Jan 26 2010 11:12AM
Doubt that growth of the new creditor economies is the real driver for the metals market is waning ever more rapidly. Not everyone will view that as a good thing, but most will now look to China for the moment and to the other big areas of expansion in due course for cues on which direction the sector will take. That, and recognition of very real supply constraints, has been the HRA stance for most of this century. So it’s time for us to do the worrying.
Last month we told Dispatch readers that we don’t view China’s resurgent economy as abnormal given its high savings rate, and that concern should be more focused on overheating of the economy. China’s imports were up by 56% y/y in December, which is mirrored by a gain of almost that much for the year of iron ore import on a tonnage basis. It’s true that China’s exports are also finally growing again with a 17% y/y gain in December, which puts China ahead of Germany as the biggest exporter on the planet. Chinese auto sales nearly doubled last year, making them part of the biggest car market in the world, which 18 months ago wasn’t expected to happen before the middle of this decade.

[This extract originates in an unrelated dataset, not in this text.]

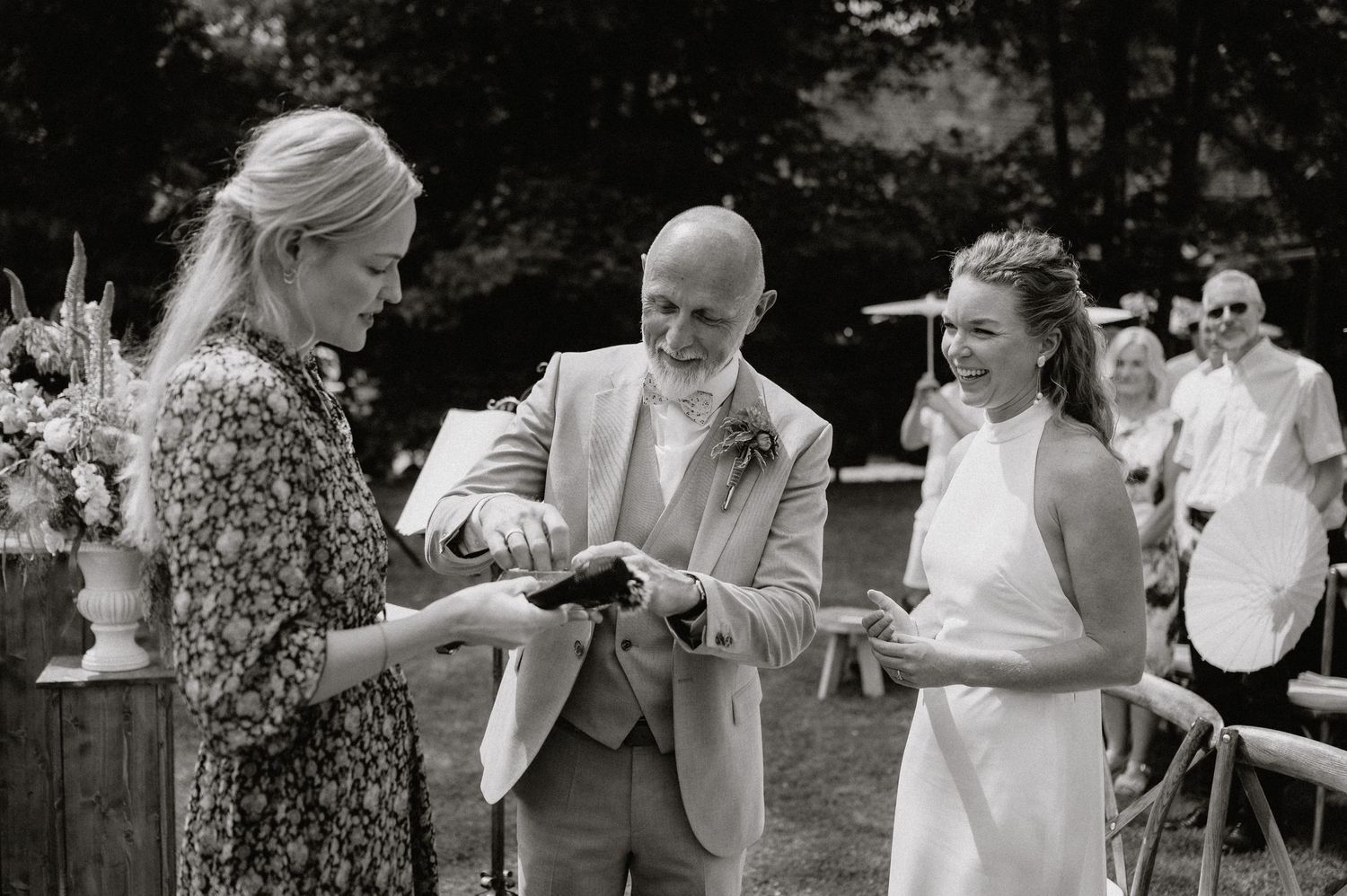 Wedding guests dance and celebrate during an outdoor reception.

It is also true that some Chinese housing markets saw 50% price gains. We aren’t amongst those who call this a bubble, at this point, since the supply excesses can be taken up eventually by the influx from the countryside. Some price spurts are to be expected in a rapidly urbanizing economy. However, spurts are the leading edge of spikes, and it’s the other edge that hurts.
China is shifting to a tightening policy, which is wise before the housing and commercial space markets get any more heated. It is time for a check on the allocation of capital. Like other economies, China has a large dollop of government incentive charging it. Unlike most, it probably didn’t need as much stimulus as was supplied and, equally important, it doesn’t have a big government debt that requires things like tax holidays be rescinded or new taxes invented to cover it. The mood shift required to push housing prices that fast is the real worry. That could probably use some grounding, before it gets tied.
There has also been some heat under a series of new exploration deals coming to market, particularly if they encompass the building materials copper and iron. Some are doubling before the due diligence can be finished. That doesn’t necessarily mean they are getting overvalued, and on the whole we like it when juniors are moving higher. It’s also true that many of last year’s big gainers have gone into neutral, so this has not been exuberance at play so much as a desire for newness. But, see above for comments about spikes and edges.
Over the next ten days Vancouver will host three separate conferences about resources and investment therein, and some of the early year enthusiasm relates to expectation of what may come from those gatherings. We will be looking for new deals as well looking over ones already on the list. Both will be part of a sorting process over the first half of this year. We admit to a quandary about copper’s dual gains for price and warehouse stocks, but can’t see changing our stance before the red metal changes its capricious ways. We’ve been teased before.